§ **PROBLEM DETAILS**
Retype the material that follows exactly, limited to the lines from the one with "APARTMENT Lib House center Beltsy" through the one with "White-sided Flowerpiercer (Diglossa", and keep out all pictures.
-- EXERCISE INPUTS follows --
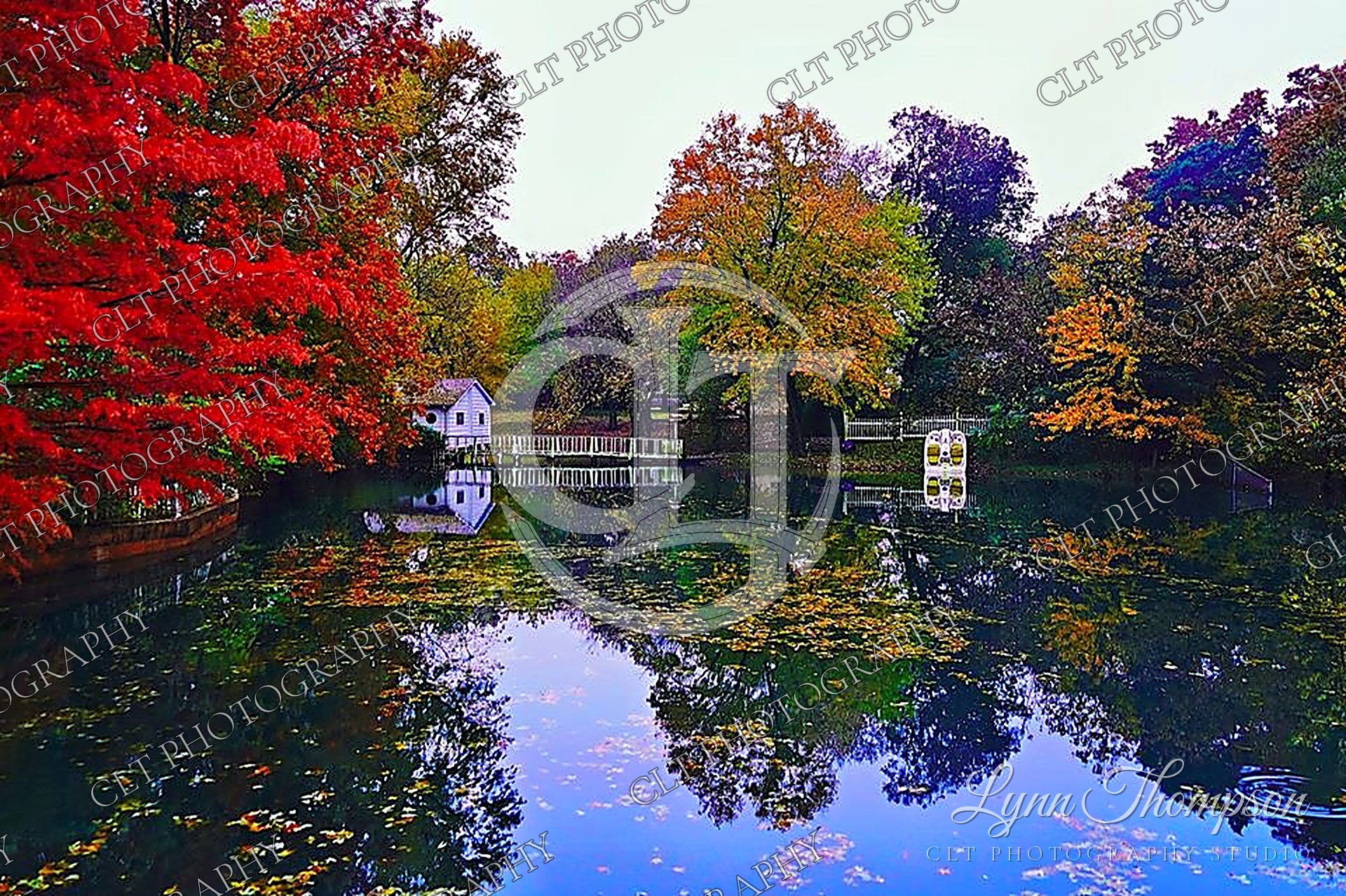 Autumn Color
-- EXERCISE INPUTS concluded --
-- EXERCISE INPUTS follows --
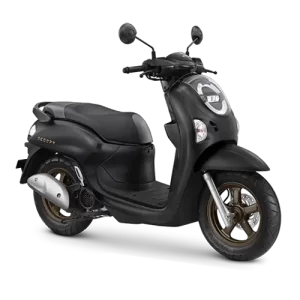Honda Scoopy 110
-- EXERCISE INPUTS concluded --
-- EXERCISE INPUTS follows --
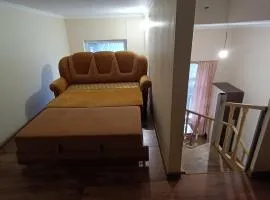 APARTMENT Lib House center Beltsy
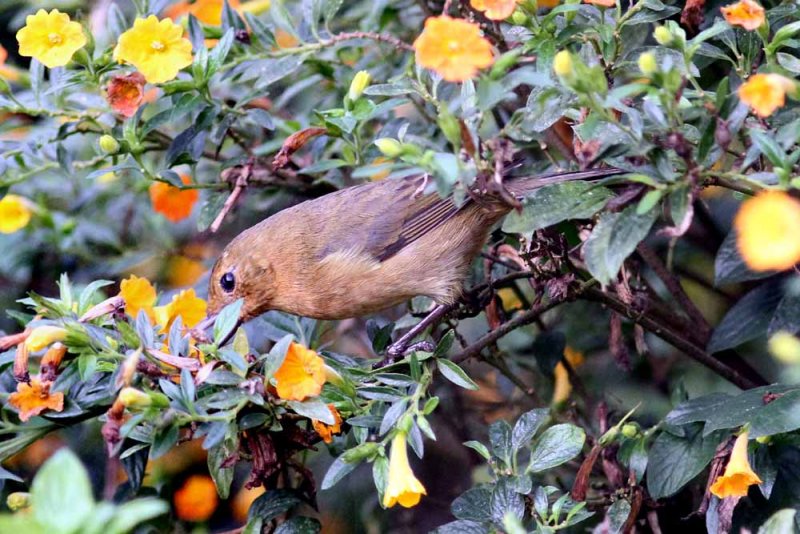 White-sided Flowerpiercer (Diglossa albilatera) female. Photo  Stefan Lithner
-- EXERCISE INPUTS concluded --
§ **RESPONSE**
 APARTMENT Lib House center Beltsy
 White-sided Flowerpiercer (Diglossa albilatera) female. Photo  Stefan Lithner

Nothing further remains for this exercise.